Franklin was fifty before he fully entered upon the study of
Natural Philosophy. Dryden and Scott were not known as authors
until each was in his fortieth year. Boccaccio was thirty-five
when he commenced his literary career, and Alfieri was forty-six
when he began the study of Greek. Dr. Arnold learnt German at an
advanced age, for the purpose of reading Niebuhr in the original;
and in like manner James Watt, when about forty, while working at
his trade of an instrument maker in Glasgow, learnt French, German,
and Italian, to enable himself to peruse the valuable works on
mechanical philosophy which existed in those languages.

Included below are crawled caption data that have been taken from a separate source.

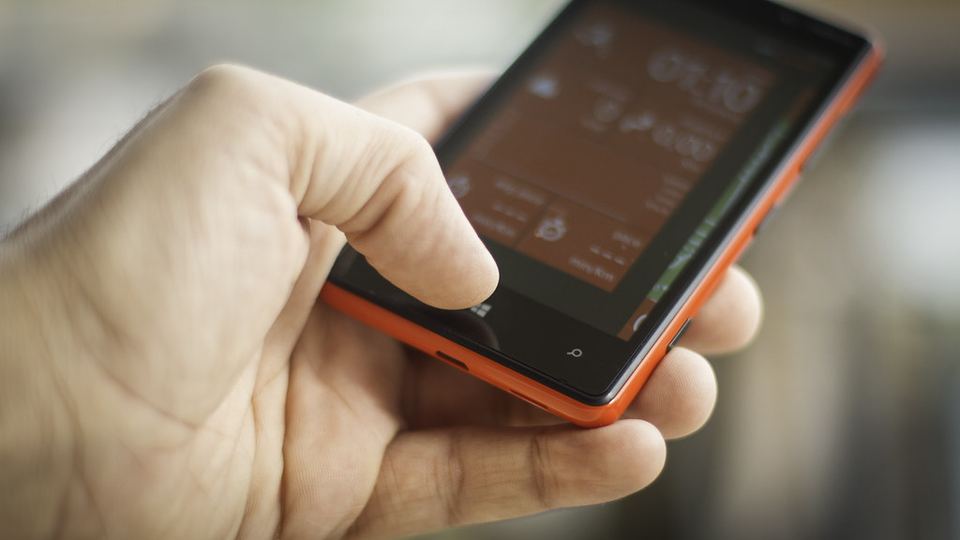 A hand holding a smartphone with apps on the screen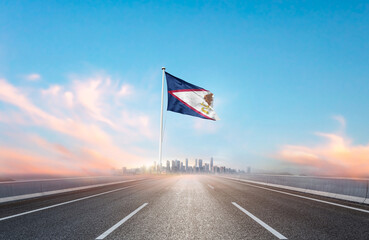 American Samoa national flag with mast waving with beautiful skyline. A view from highway. American...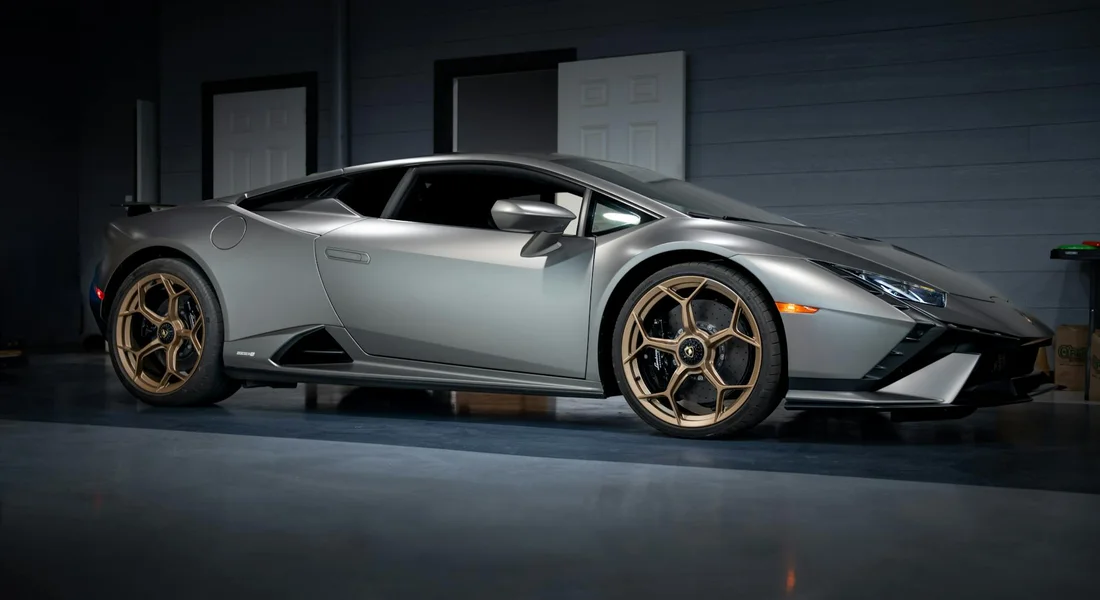 Gray sports car with bronze alloy wheels in a dark garage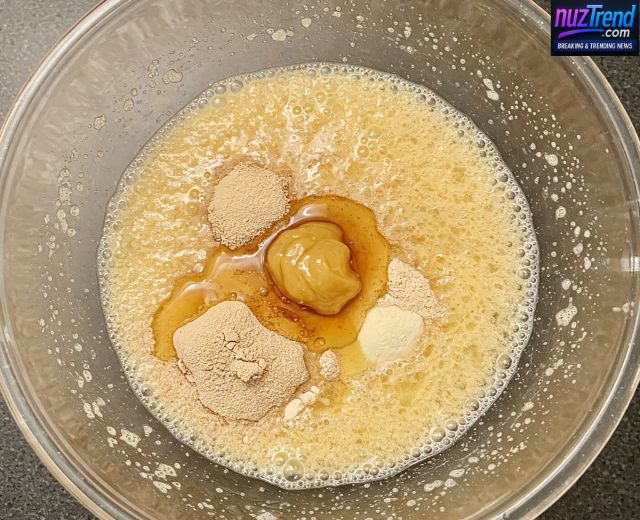 Yeast activating in warm water with honey in a bowl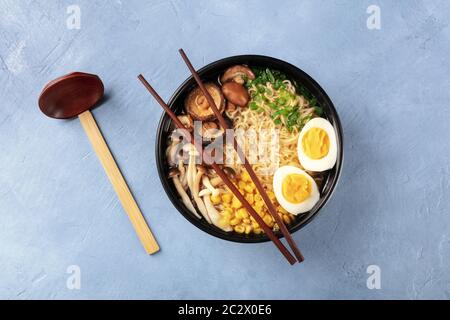 Ramen. Soba zuppa con uova, funghi e ortaggi, ripresa dall'alto con il tradizionale cucchiaio di legno e bastoncini Foto Stock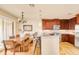 Modern kitchen with wood cabinets and granite counters at 150 S Madison St # 112, Denver, CO 80209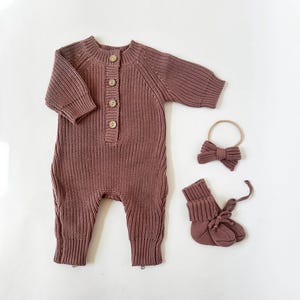 Puede incluir: Un mono de punto color malva para bebé con cierre de botones, una diadema a juego con lazo y un par de botines de punto.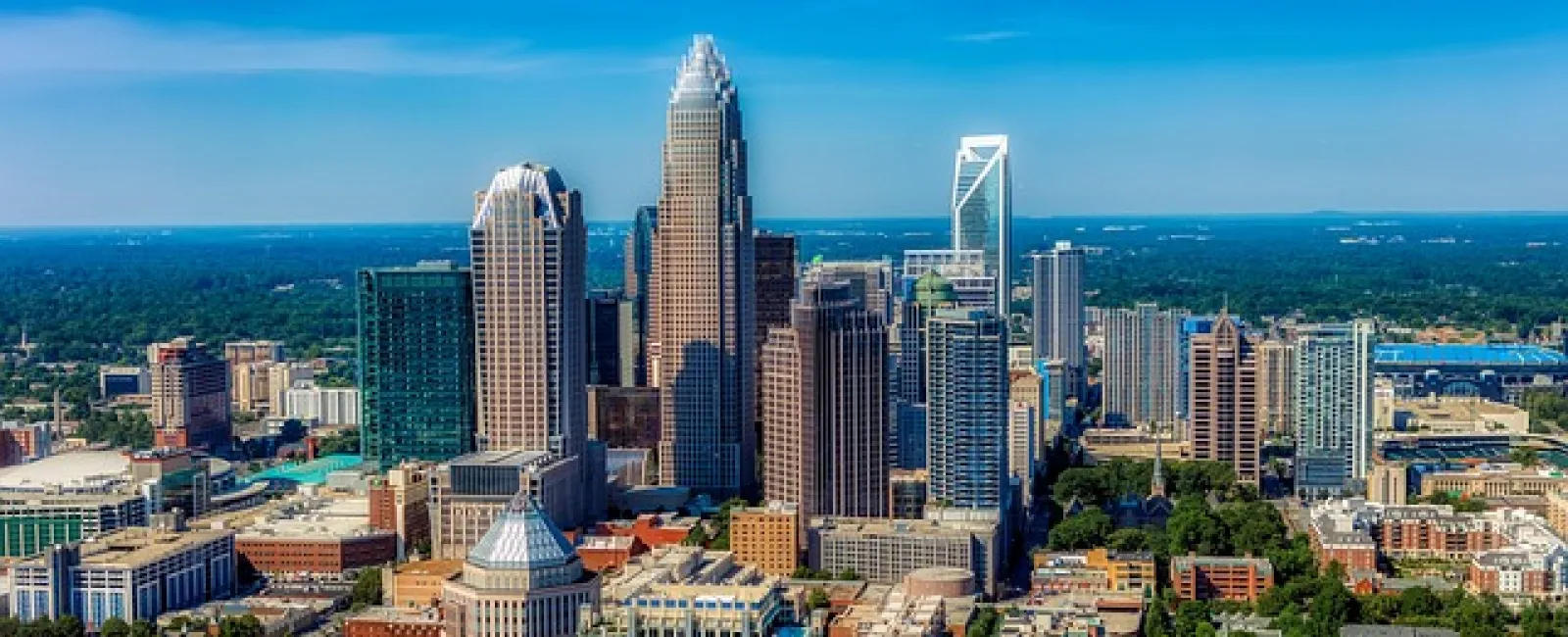 Aerial view of Charlotte city skyline with tall skyscrapers under a clear blue sky and surrounding greenery.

Thomas
Scott was fifty-six before he began to learn Hebrew. Robert Hall
was once found lying upon the floor, racked by pain, learning
Italian in his old age, to enable him to judge of the parallel
drawn by Macaulay between Milton and Dante. Handel was forty-eight
before he published any of his great works. Indeed hundreds of
instances might be given of men who struck out an entirely new
path, and successfully entered on new studies, at a comparatively
advanced time of life. None but the frivolous or the indolent will
say, "I am too old to learn." {31}
And here we would repeat what we have said before, that it is not
men of genius who move the world and take the lead in it, so much
as men of steadfastness, purpose, and indefatigable industry.